Crawled caption data:
===============

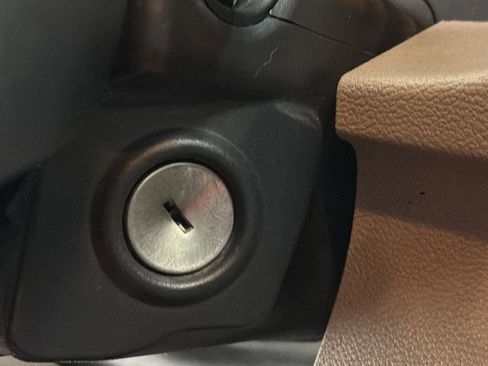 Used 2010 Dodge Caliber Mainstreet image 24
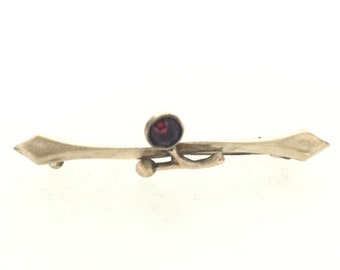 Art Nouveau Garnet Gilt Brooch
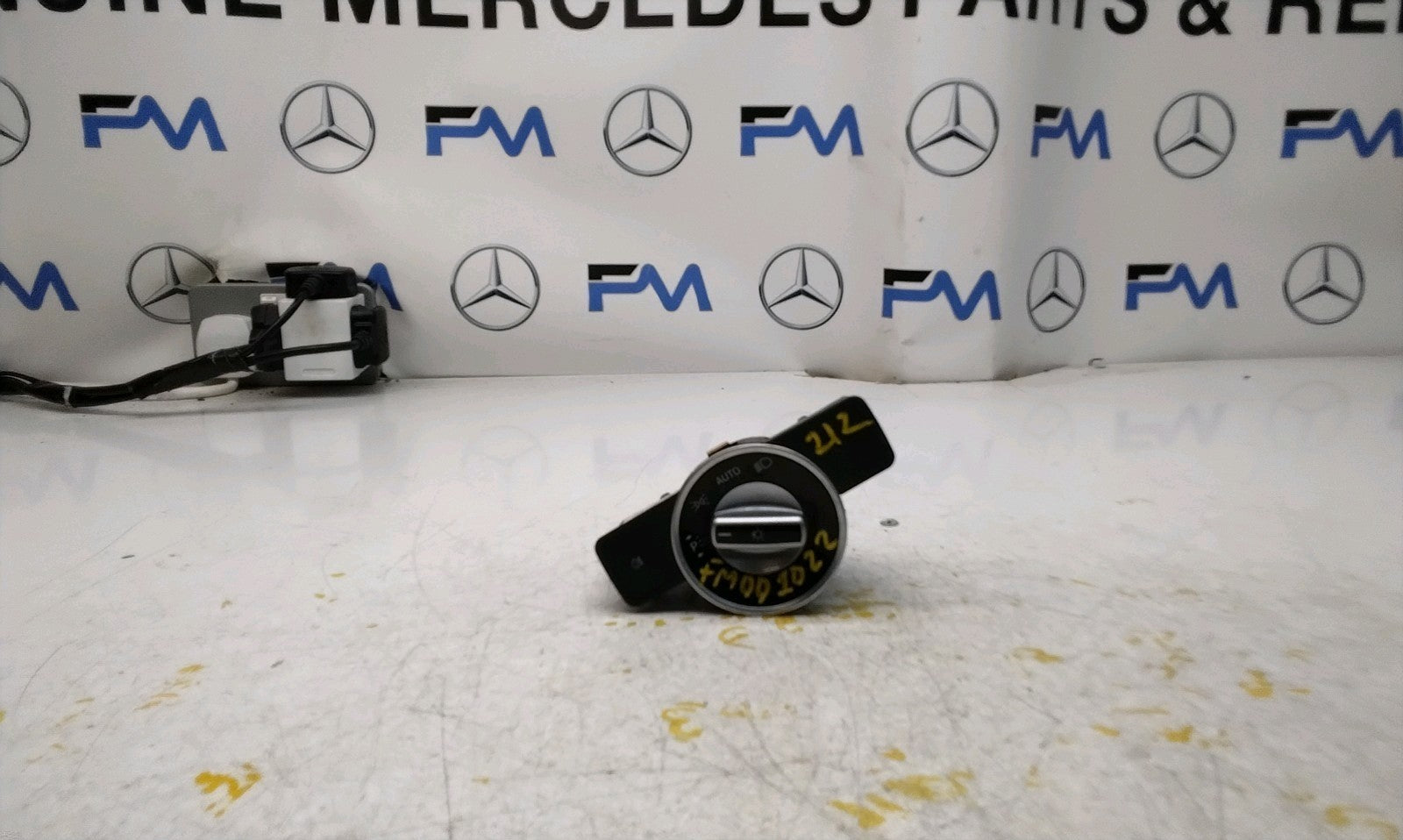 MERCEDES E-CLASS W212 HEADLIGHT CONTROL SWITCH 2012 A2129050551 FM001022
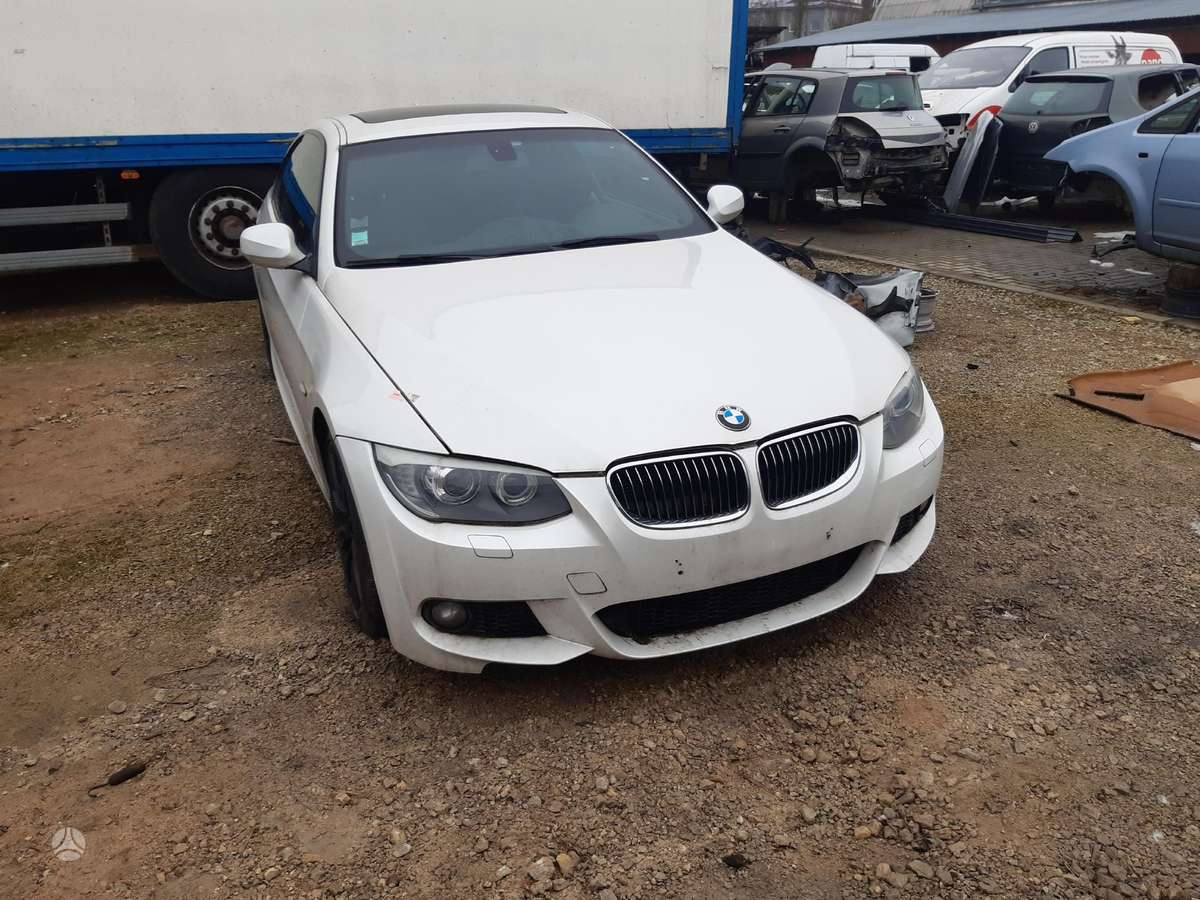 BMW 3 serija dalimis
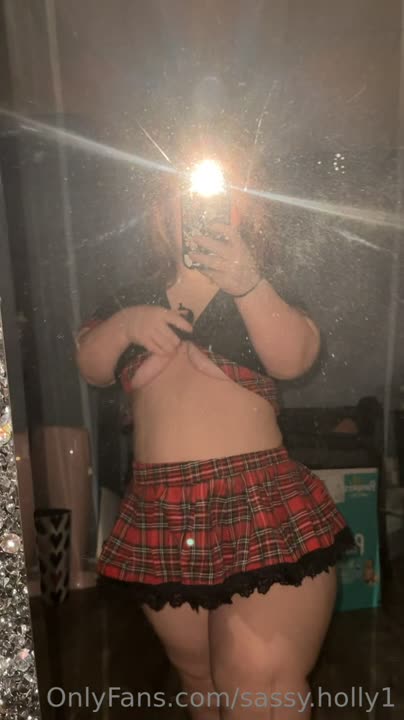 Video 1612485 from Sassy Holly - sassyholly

===============

- _DIRECTIONS FOR THIS TASK_
Please copy the entries in full. Leave each image out.

- _ANSWER SECTION_
 Used 2010 Dodge Caliber Mainstreet image 24
 Art Nouveau Garnet Gilt Brooch
 MERCEDES E-CLASS W212 HEADLIGHT CONTROL SWITCH 2012 A2129050551 FM001022
 BMW 3 serija dalimis
 Video 1612485 from Sassy Holly - sassyholly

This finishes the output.